There is an interesting property if you convolve two exponentials with L0 and L1 characteristic lengths. The result is essentially proportional to "exp(-x/L0)-exp(-x/L1)" where L1>L0.
This means that the expected value should be
1/(1/L1+1/x) - 1/(1/L0+1/x)
If I pick something like L1=8 units and L0=7 units then the incremental dispersion looks like:
(this is the derivative of the above function)
What I like about it, is that it generates the "cusp" that Hubbert saw on his cumulative footage return graph. Look at the superimposed blue curve:
The non-sweet spot return shows a plateau at zero (constant positive rate) whereas the sweet spot definitely shows a cusp, which may be reflected by the actual data that Hubbert plotted.
I will try to reconcile the difference between your formula and this one. Admittedly, I did this my derivation in my head because of the convolution identity that dawned on me.
Yes, if L is a sum of independent exponentials with means Lo and L1, then L has density
(*) 1/(L1-L0)*( exp(-x/L1)-exp(-x/L0) ), for x >= 0.
(Of course, when L0->L1 this will collapse to a Gamma distribution with 2 degrees of freedom).
In the formulas above, I assumed that S is also Gamma(2,s) distributed, which perhaps is harder to give a physical interpretation than for L. If we assume S ~ Exp(lambda) and L density (*), then
E[D(S,L)] = lambda*(1 - 1/(L1-Lo)*(1/(1/lambda + 1/L1) - 1/(1/lambda + 1/Lo)) ).
But perhaps all this fiddling around with different distibutions is of moderate interest: it is probably most important to recognice that the most important thing is to have some kind of uncertainty ("dispersion") in lambda and L. Whether this is the case, I would say, comes down to how sensitive the "output" is to the various assumptions on the distributions, the "output" being whatever the model help us to say about the real world. (In this case, perhaps the expected volume of discoveries in the next few years.)

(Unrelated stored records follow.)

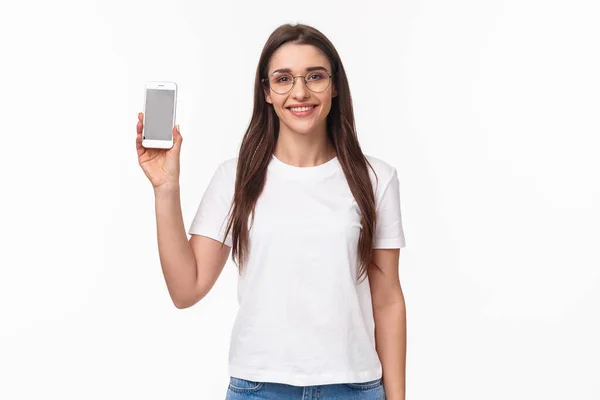 Технология и образ жизни. Портрет счастливой улыбающейся дружелюбной девушки в очках, футболке, с дисплеем смартфона, приложением для мобильного телефона, рекомендую загрузить его — стоковое фото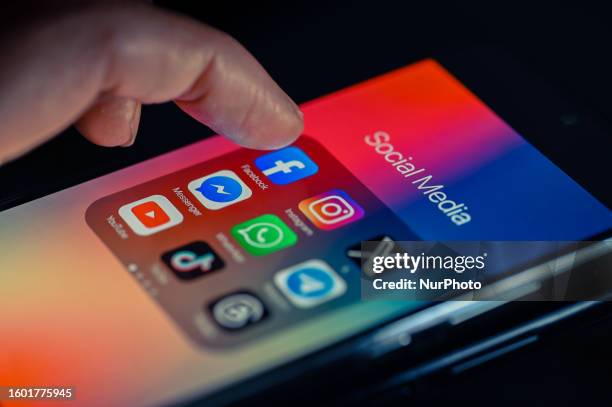 Close - up finger pointing to Facebook mobile app displayed on a smartphone screen alongside that of X,Whatsapp,Telegram,TikTok,Threads, on August 15...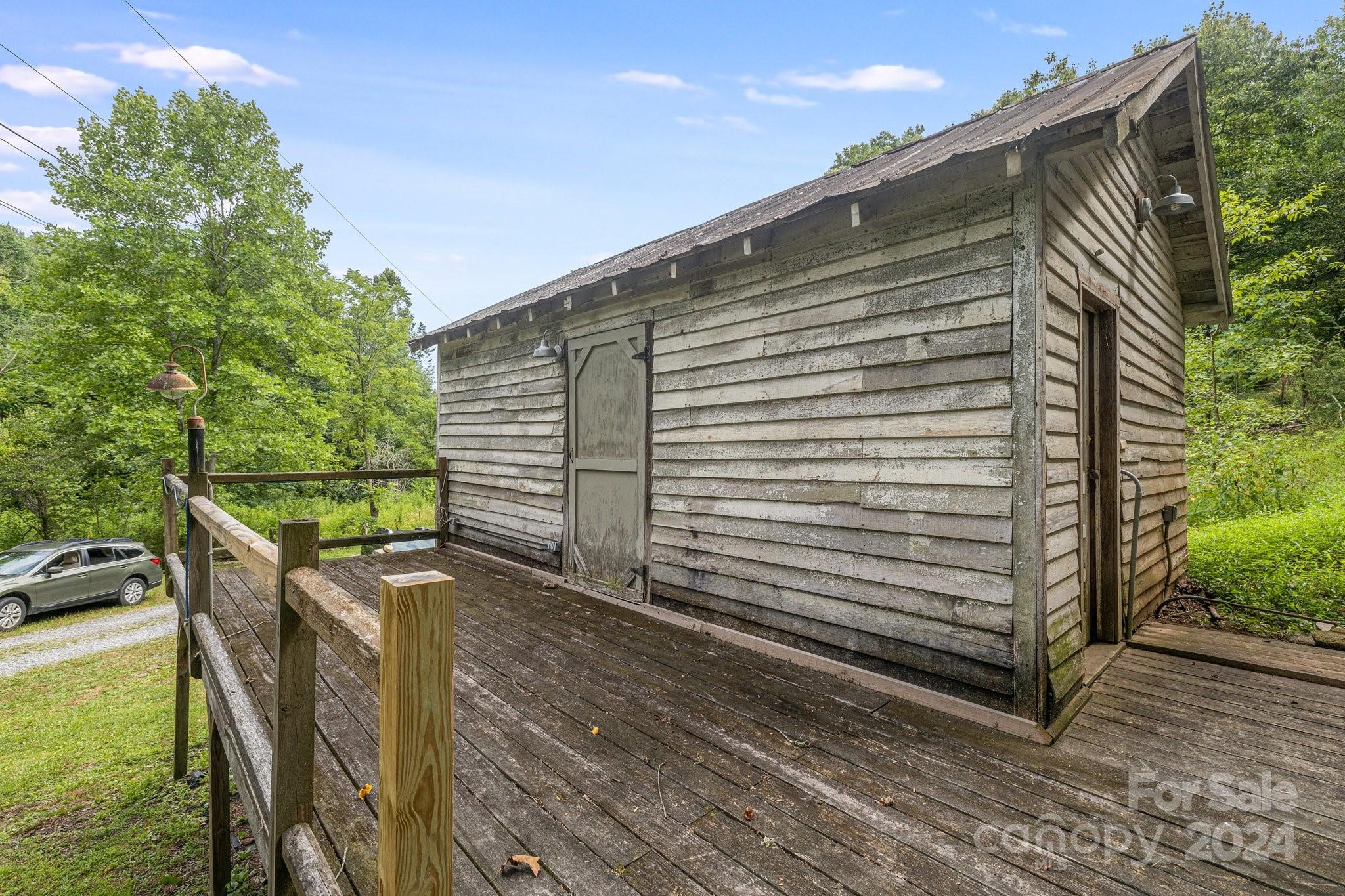 71 Persimmon Lane Canton, NC 28716 - Photo 35 of 41 a view of a backyard with sitting area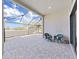 Outdoor patio with brick pavers under a screened enclosure, furnished with a table and chairs at 4375 Barletta Ct, Wesley Chapel, FL 33543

Another thing we could try to adress is the sample variability: we have focused on the mean of D(S,L), but it should be straight forward to compute condfidence intervals for future discoveries, given assumptions on the distributions of S and L. (Maybe you already did this).
Another (minor) comment: i don't think the single dispersive model corresponds to a uniformly distributed L --- in that model, L = Lo deterministically (i.e. point mass 1 at Lo in probability lingo).
In fact, L uniformly distributed on [0,2*L0] (to make E[L] = L0) gives
E[D(S,L)] = labmda*( 1 - 1/(2*Lo) + 1/(2*Lo)*exp(-2*Lo/lambda) ).